Zugleich steigen die Kosten für die Migros wegen der Hygienevorschriften, was noch mehr Druck auf die Marge gibt.
Bei unserem Kerngeschäft Lebensmittel hatten wir mehr Aufwand, aber auch mehr Umsatz, deswegen haben wir in diesem Bereich einen leicht positiven Effekt. Wie das nun bei der Öffnung der Fachmärkte aussieht, müssen wir sehen.
Erwarten Sie für 2020 insgesamt ein Umsatzplus?
Die Krise zeigt, dass die Strategie der Migros richtig ist. Ich rechne mit einem soliden Umsatz. Auf Gruppenebene haben wir viele Firmen, die zweistellige Wachstumsraten aufweisen. Andererseits haben wir Bereiche, die jetzt lange geschlossen waren. Bei Hotelplan müssen wir mit einem grossen Verlust rechnen.
Wie sieht es bei der M-Industrie aus, dem Produktionszweig mit den eigenen Unternehmen wie Frey, Mibelle oder Bischofszell? Soll dort jetzt noch weitergespart werden?

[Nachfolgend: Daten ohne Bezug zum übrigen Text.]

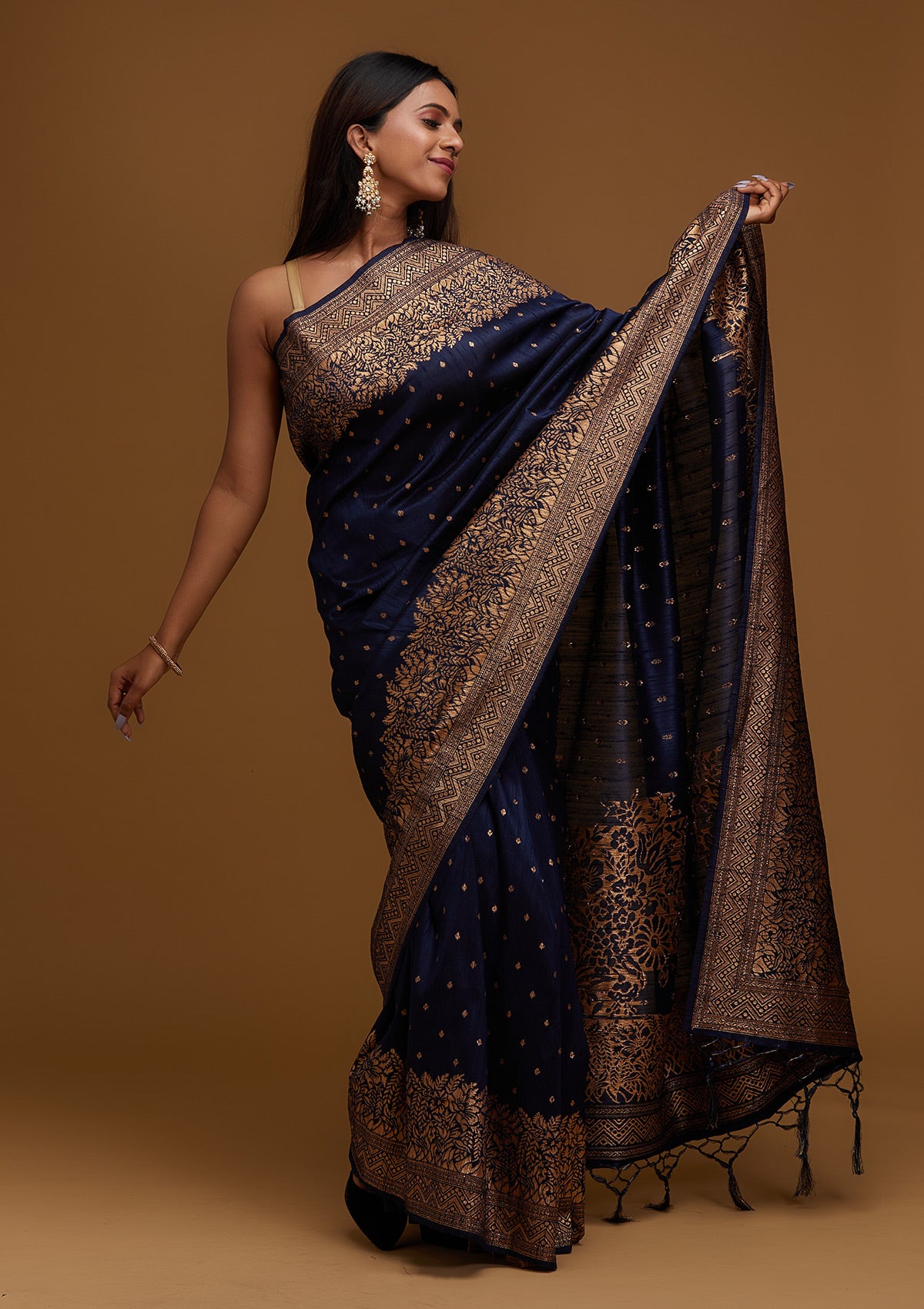 Navy Blue Zariwork Banarasi Designer Saree - Koskii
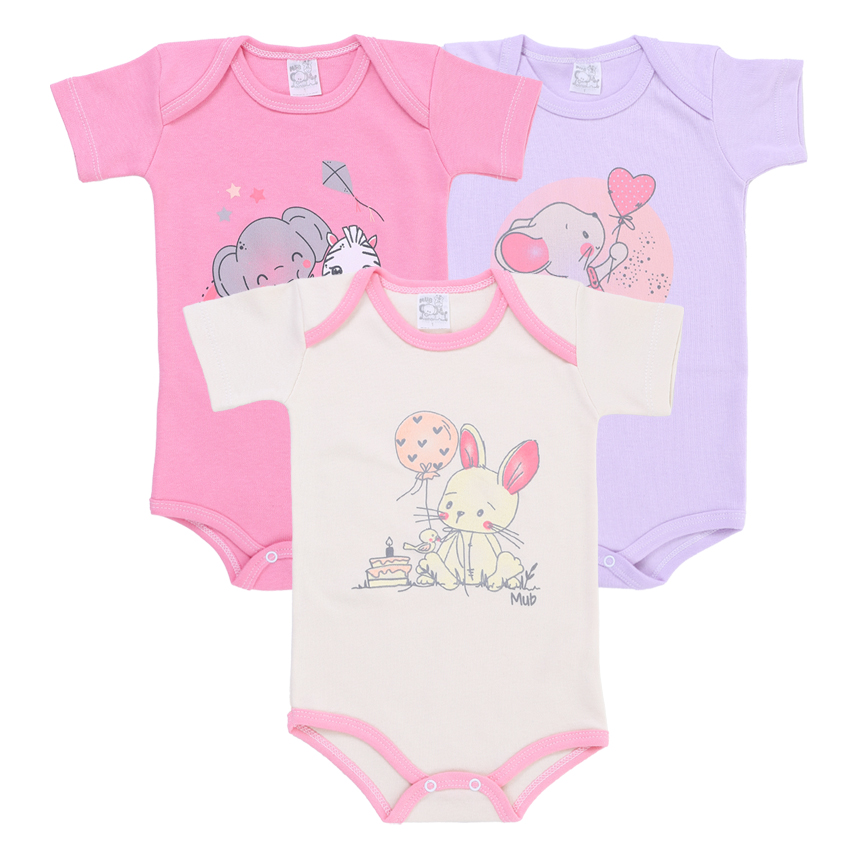 Body Infantil Mub Estampa Bichinhos 3 Peças Body Infantil Mub Estampa Bichinhos 3 Peças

Es gibt keinen Spardruck, sondern einen gemeinsamen Effort, um die M-Industrie zu stärken. Wir wollen nach wie vor 80 Prozent des Sortimentes mit unseren eigenen Migros-Produkten bestücken. Wir sind alle gefordert, die beste Qualität zum besten Preis anzubieten. Was wir mit der Corona-Krise erlebt haben, zeigt auch die Stärke unserer Industrie. Wir waren in der Lage, sehr flexibel zu reagieren, und haben viele Produkte selber herstellen können, etwa Desinfektionsmittel.
Ein Verkauf einzelner Unternehmen oder eine Verlagerung ins Ausland stehen nicht zur Debatte?
Die Migros will weiterhin mit einer starken eigenen Industrie arbeiten. Dabei gibt es immer Anpassungen im Portfolio. Wir werden auch Firmen übernehmen und weiter investieren. Die Migros-Industrie wird in den kommenden Jahren noch stärker und sogar grösser werden.
Generell gefragt: Denken Sie an einen weiteren Jobabbau bei der Migros?
Wir konnten die Kosten deutlich senken, diese grosse Sparübung haben wir hinter uns. Wir arbeiten jetzt enger und effizienter zusammen. Die Krise soll uns aber ermutigen, etwa unsere Technologiesysteme und Geschäfte noch enger zusammenzuführen und agiler zu werden.
Gefährdet Corona die Übernahme von Globus durch die Signal Holding und Central Group?
Es gibt keine Nachverhandlungen. Wir sind hier auf Kurs.
Das bedeutet, Sie bekommen die vereinbarte 1 Milliarde Franken auch netto noch, ohne Kredite, welche die Migros den neuen Eigentümern weiterhin gewährt?
Was die Verkaufskonditionen angeht, haben wir Stillschweigen vereinbart. Kurzfristig gibt es wie für alle Unternehmen dieser Branche sicher eine Herausforderung für die neuen Eigner. Aber es gibt auch eine Post-Corona-Welt. Die Kundinnen und Kunden werden zurückkommen. Auch ich werde meine Anzüge weiter bei Globus kaufen.